Friday, August 19, 2011

On temporal databases and DB2

I have written before about temporal databases in this Blog, and in general I worked on temporal databases around 15 years ago, and co-edited the book whose cover is shown here in 1998.  Temporal database is noted by the fact that academic people tried to drive standard in this area: TSQL2 lead by Rick Snodgrass and his colleagues. At that time it did not succeed since none of the DBMS vendors had an interest to see it as a high priority, these were the days were the Internet emerged along with XML, and the DBMS vendors had many other things to worry about.  However over the time  some DBMS vendors have adopted temporal capabilities within their products.
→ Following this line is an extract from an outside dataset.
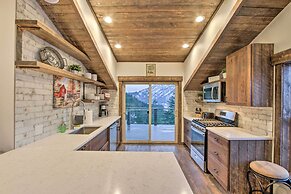 Homey Cle Elum Lake Apt w/ Shared Hot Tub & Views!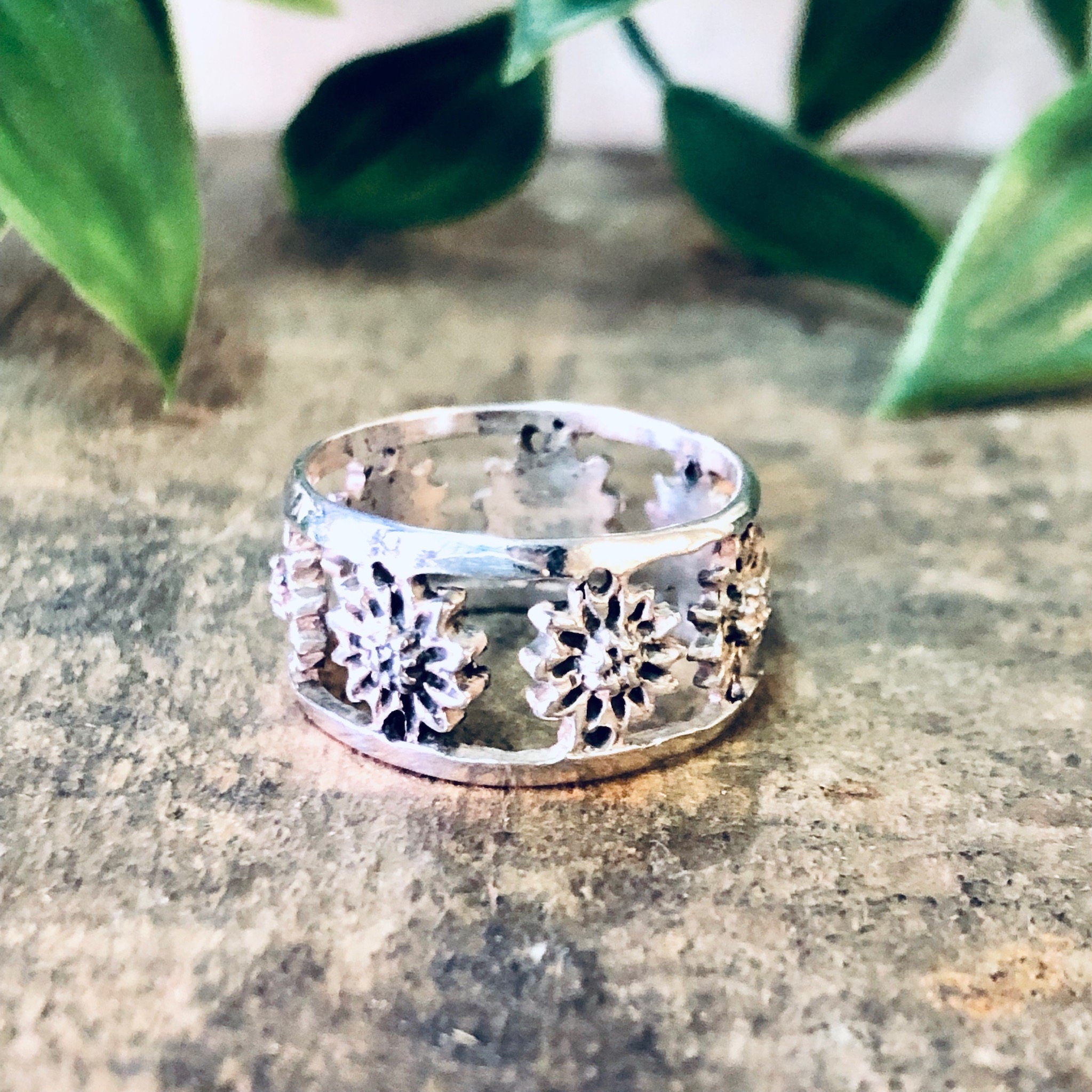 Vintage Ring, Silver Ring, Flower Ring, Floral Design, Band Ring, Flower Band, Thick Band Ring, Cut Out Ring, Unique Jewelry, 925 Ring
Oracle already implemented temporal extensions supporting TSQL in its DBMS product.  Recently IBM produced its own version of temporal database within DB2.  It seems that there is now traction for temporal databases in various industries.    Today my colleague Guy Sharon attracted my attention to a new article on IBM DeveloperWorks entitled "going back in time" describing the DB2 temporal capabilities,  the traditional dimensions in temporal databases: transaction time and valid time got converted to new names:  system time and business time  (I make a note to write a post about the overuse of the term "business" ).     These two dimensions enable to ask queries like: what was the value of a certain attribute in 7/7/2011, as observed from 8/8/2011.  This can have different answer from the observation time of different days, since the knowledge about the past is changed in time.  While the title of that article talks about "going back in time", and indeed using temporal databases is typically viewed about recording the past, temporal databases can also be used about recording the future, this was noted in a work published in 1994 by Arie Segev, Avi Gal and myself entitled "retroactive and proactive database processing"  (I don't think that online version is available).  Since we are dealing over the last year in proactive event-driven processing, the issue of looking at predicted future events that can be revised with time is very useful, and we are indeed looking on temporal database techniques for that.  More on that - later.

Tuesday, August 16, 2011

Book review: Managing event information by Gupta and Jain

I am reading the book "Managing event information" by Gupta and Gain,  which is part of the series of short books by Morgan&Claypool synthesis lectures series.   The authors, professors from U.C. San Diego, and U.C. Irvine, have concentrated in the modeling of events, the illustration below was copied from the book to demonstrate the flavor.   The book starts with an introduction and running example about news agency, it also defines the setting of various types of events: spatio-temporal database events, sensor events, multi-media events (video, audio).    Chapter 2 deals with "Event Data Models" starting with temporal database as a tool for event modeling,  such that the temporal database represents the collection of states, while event is any transition in any state (value change), then it moves to discuss conceptual temporal models and discusses E* - a graph based event model using RDF and ontologies.  formalizing E* and showing some example of modeling using E*.  It discusses several modeling constructs such as disjointness (causal or temporal) of events; coverage; ordering' lifespan and spacespan of events, and constraints on graph relationships, such as follows, sub-class etc..  In chapter 3 the book discusses the implementation of the event data model; the illustration below is a UML diagram showing one of the supported patterns - events that participate within a situation, there are other patterns supported such as causality.  Later it discusses storage model of various types of events.  Chapter 4 is entitled "querying events" and discusses the possibility to query a collection of events. Example of queries are: spatiotemporal queries such as: "which meetings are scheduled in this hotel today after a certain talk", which looks like a regular query in spatiotemporal database, the queries can also support aggregates (looking for frequent meetings with a certain characteristics), and hierarchy, expanding to sub-events.   It can also query continuous events, graph relationships etc -- these queries seem to be the same as queries on spatiotemporal and graph databases, except he fact that the database represents events.  Chapter 5 brings a major application of the event model - the creation of a story based on the event model.  The storytelling is of multimedia type, a thread of research that follows Brooks' paper. 
Kevin M. Brooks: Do Story Agents Use Rocking Chairs? The Theory and Implementation of One Model for Computational Narrative. ACM Multimedia 1996: 317-328
The  book is summarized with some applications, conclusion and references.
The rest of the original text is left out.